Digital Health-Centricity

 

The promising prospects of surgical robots can be seen as favorable information for medical device companies to enter new fields. Large companies also have to enter new areas, especially in the context of fierce competition in the homogeneous market of medical devices abroad and sluggish market growth.

 

According to the annual reports of Johnson & Johnson, Philips, and Boston Scientific over the past two years, the growth trend in emerging markets has far exceeded that in the United States and Europe.

 

Moreover, with the advent of healthcare cost containment measures and the digital era, the role of value-based healthcare is becoming increasingly prominent.

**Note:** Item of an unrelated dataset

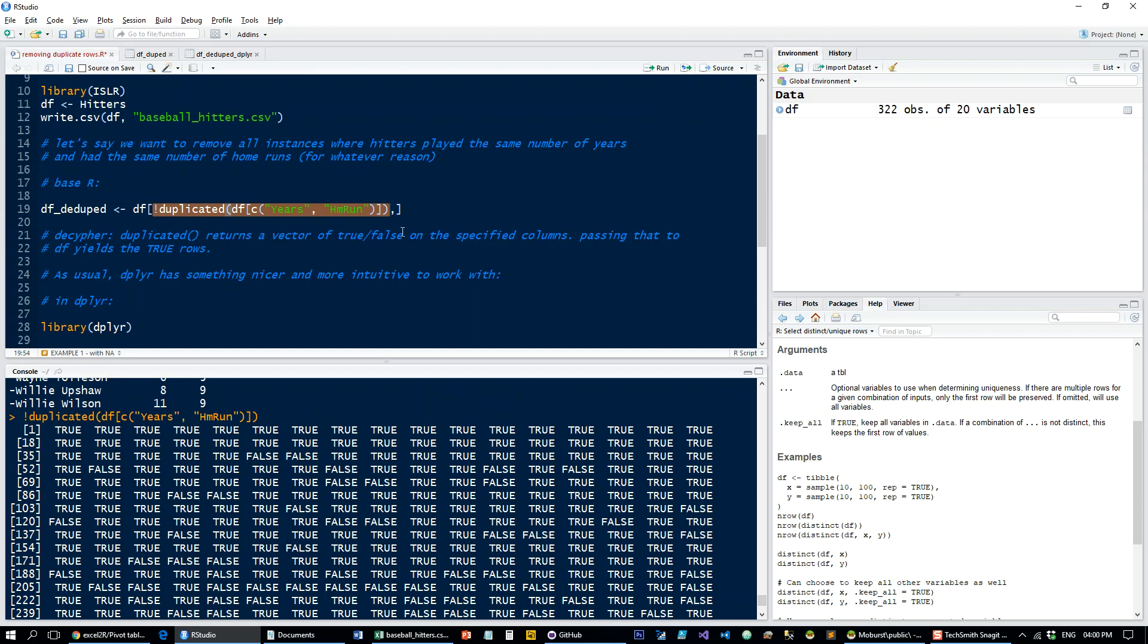and this is then passed on as which rows, which index rows to take out of the DF data set. So I'm passing this to DF here, which is the hitters data set, to get all these rows and also all the columns since I leave what's after the comma blank.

For medical device companies, their business models are beginning to undergo transformation.

 

To maintain competitiveness in niche markets,Medical device manufacturers need to not only carry out vertical mergers and acquisitions as before, but also seamlessly acquire real-world data.. A support platform that integrates individual medical technology products and services into holistic care solutions, particularly against the backdrop of continuous technological advancements across the industry, growing uncertainty in regulation and legislation, and tightening healthcare insurance reimbursement policies.

 

Moreover, beyond competition from traditional medical device giants, advancements in sensor technology and artificial intelligence (AI) have expanded the use of medical devices beyond hospitals to include digital products and data-related services. The FDA registration of the Apple Watch serves as one example. Companies entering the medical device industry are becoming increasingly diverse.

 

Medical device giants cannot afford to fall behind; although it may not be a core business focus, they must establish more flexible business models to address this.

 

Prior to 2017, medical device giants were still in the process of gradually embracing digital health. Between 2015 and 2016, notable collaborations included Philips partnering with the pathology company PathAI; Stryker collaborating with Microsoft on augmented reality to build the operating room of the future; Johnson & Johnson establishing a joint venture with Verily to research surgical robots; and Medtronic working with IBM Watson to develop a predictive app for blood glucose management.


But now, we can see that Medtronic has moved to directly acquire an AI nutrition technology company, and Philips is also vigorously transforming into a health technology company.

 

Looking back after two years, some specific initiatives have yet to yield returns, but none of these strategic directions have been scaled back; instead, investment has largely been increased. In the realm of digital health, the strategy has shifted from partnerships to acquisitions, with previously peripheral products moving to the center stage.